In the data below, find the line that contains "Austria - 14K" and the line that contains "TUTUO Schutzhülle für". Copy both, plus every line between them, exactly.

## DATA FOR PROCESSING
===============
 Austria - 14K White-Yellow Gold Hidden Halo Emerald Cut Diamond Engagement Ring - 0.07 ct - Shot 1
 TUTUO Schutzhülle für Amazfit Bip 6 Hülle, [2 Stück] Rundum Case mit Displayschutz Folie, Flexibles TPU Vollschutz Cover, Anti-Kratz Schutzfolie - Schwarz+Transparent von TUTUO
===============
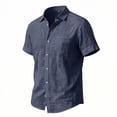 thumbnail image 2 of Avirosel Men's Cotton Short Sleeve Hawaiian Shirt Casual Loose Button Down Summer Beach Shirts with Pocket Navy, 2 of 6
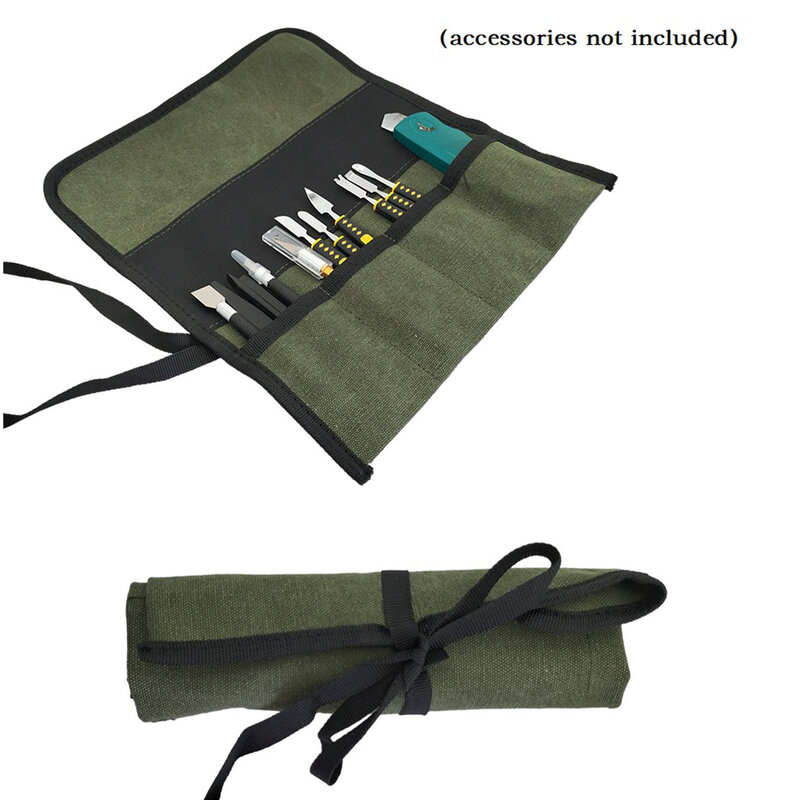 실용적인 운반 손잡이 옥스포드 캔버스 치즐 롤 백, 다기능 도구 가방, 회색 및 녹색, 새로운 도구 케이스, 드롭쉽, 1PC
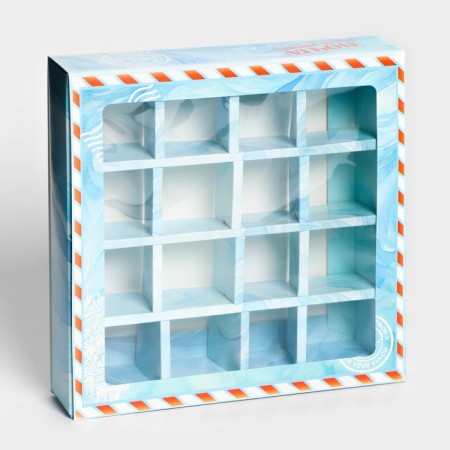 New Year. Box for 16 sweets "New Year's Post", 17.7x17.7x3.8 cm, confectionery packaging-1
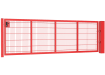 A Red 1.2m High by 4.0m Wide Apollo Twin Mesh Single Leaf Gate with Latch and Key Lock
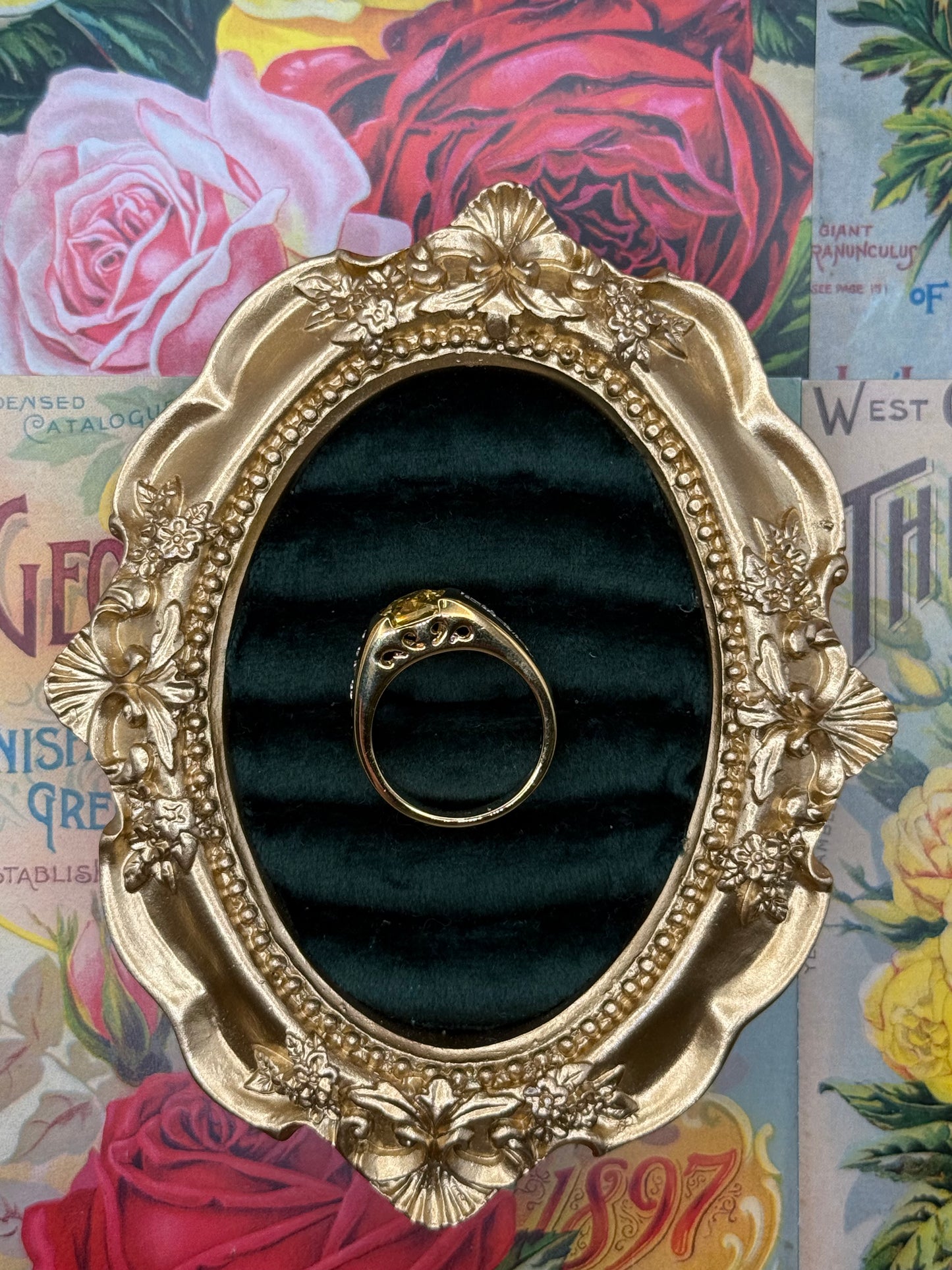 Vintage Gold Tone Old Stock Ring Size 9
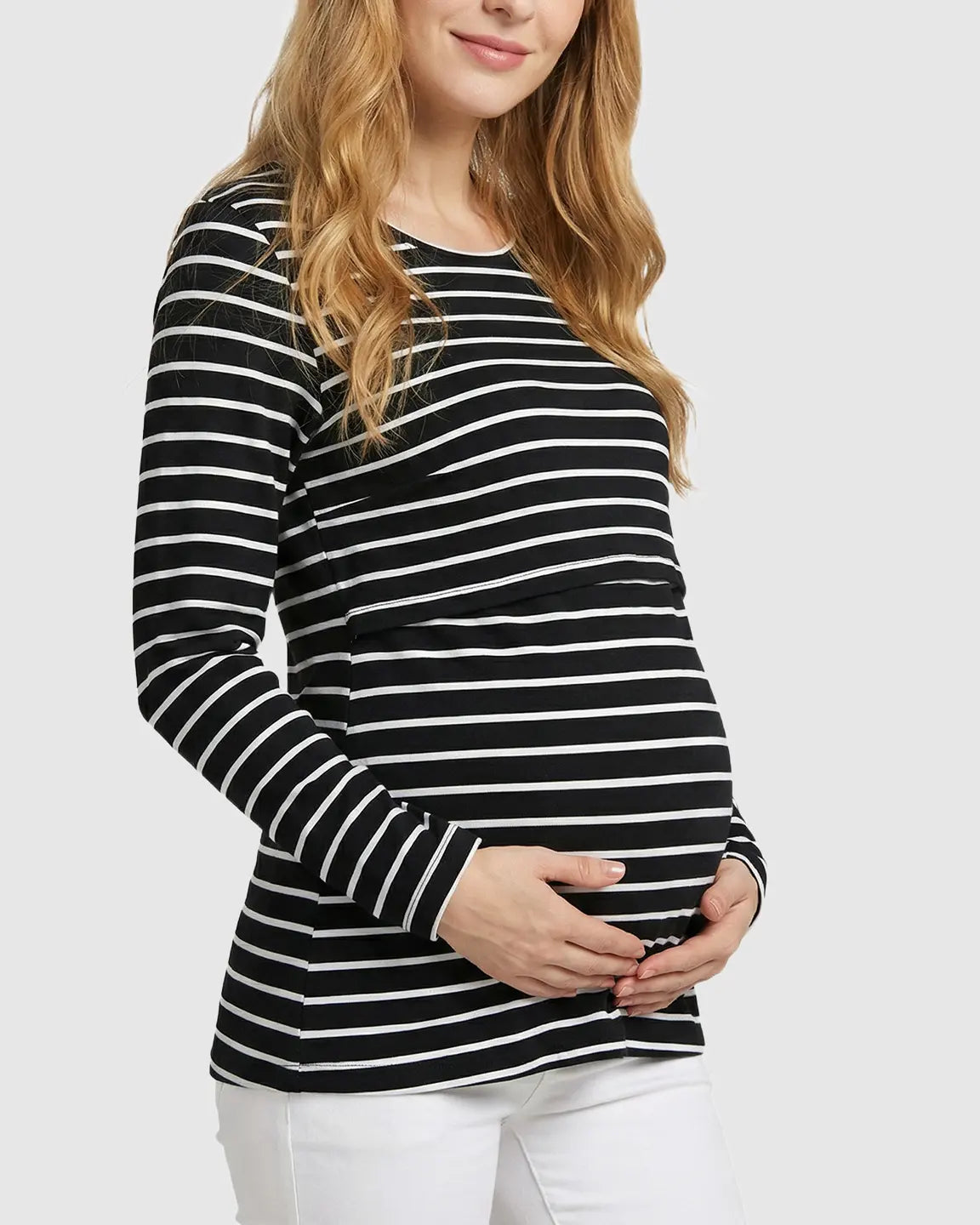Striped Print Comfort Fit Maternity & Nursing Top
===============
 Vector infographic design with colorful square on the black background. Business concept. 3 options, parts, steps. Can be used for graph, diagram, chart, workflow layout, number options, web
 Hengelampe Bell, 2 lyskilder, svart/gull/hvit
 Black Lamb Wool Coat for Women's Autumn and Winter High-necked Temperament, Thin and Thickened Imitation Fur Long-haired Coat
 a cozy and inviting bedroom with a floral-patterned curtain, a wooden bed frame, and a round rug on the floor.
===============
## TASK OUTPUT
 Austria - 14K White-Yellow Gold Hidden Halo Emerald Cut Diamond Engagement Ring - 0.07 ct - Shot 1
 TUTUO Schutzhülle für Amazfit Bip 6 Hülle, [2 Stück] Rundum Case mit Displayschutz Folie, Flexibles TPU Vollschutz Cover, Anti-Kratz Schutzfolie - Schwarz+Transparent von TUTUO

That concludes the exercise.